GPS-Denied ISAC Vehicle Localization Based on mmWave Radar and Identification

Millimeter wave (mmWave) radar has become a widely adopted technology in vehicles and advanced driver assistance systems (ADAS). Meanwhile, as wireless communication progresses to higher frequencies, the role of the mmWave band has expanded, now supporting both sensing and 5G communication, which has given rise to integrated sensing and communication (ISAC). In this paper, we propose a novel mmWave ISAC vehicle localization system, which innovatively integrates emerging mmWave identification (MMID) technology into conventional automotive mmWave radar, enabling automotive radar to interact with roadside MMID tags, thereby achieving lane-level vehicle localization independent of the global positioning system (GPS).
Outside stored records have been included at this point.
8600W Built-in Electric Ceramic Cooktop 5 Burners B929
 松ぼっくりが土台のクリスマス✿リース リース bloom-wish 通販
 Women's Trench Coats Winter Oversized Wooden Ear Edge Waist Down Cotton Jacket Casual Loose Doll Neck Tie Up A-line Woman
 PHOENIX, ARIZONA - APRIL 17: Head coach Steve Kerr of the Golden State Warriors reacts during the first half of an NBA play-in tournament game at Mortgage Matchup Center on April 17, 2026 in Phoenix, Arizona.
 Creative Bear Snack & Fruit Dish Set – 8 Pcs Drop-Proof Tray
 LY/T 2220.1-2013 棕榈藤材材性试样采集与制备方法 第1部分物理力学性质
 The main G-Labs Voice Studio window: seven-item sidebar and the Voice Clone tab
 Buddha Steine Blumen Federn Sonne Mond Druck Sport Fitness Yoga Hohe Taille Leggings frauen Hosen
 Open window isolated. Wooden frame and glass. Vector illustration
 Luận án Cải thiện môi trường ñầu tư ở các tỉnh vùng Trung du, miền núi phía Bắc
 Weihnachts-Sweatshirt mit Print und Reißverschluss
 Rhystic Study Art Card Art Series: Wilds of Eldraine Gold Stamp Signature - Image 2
Unlike existing RFID-based vehicle localization solutions, the proposed solution is more practical for real-world deployment, as it eliminates the need to install additional large RFID antennas on vehicles. To achieve this, we first analyze the backscatter modulation characteristics of MMID tags and propose a novel frequency modulation strategy that lays the foundation for distinguishing signals from different tags within radar echoes that contain various tags and other objects. Subsequently, based on the distance, relative velocity, and azimuth of the tags, we perform static parameter estimation of the vehicle using the least squares (LS) algorithm. Finally, we construct a vehicle motion model and introduce a novel mutation particle filter (MPF) algorithm to estimate the dynamic motion state of the vehicle, ultimately achieving precise vehicle position tracking. The proposed system offers a practical solution for GPS-denied vehicle localization, aligning with the future vision of 6G-enabled intelligent transportation systems (ITS) and IoT-driven smart cities.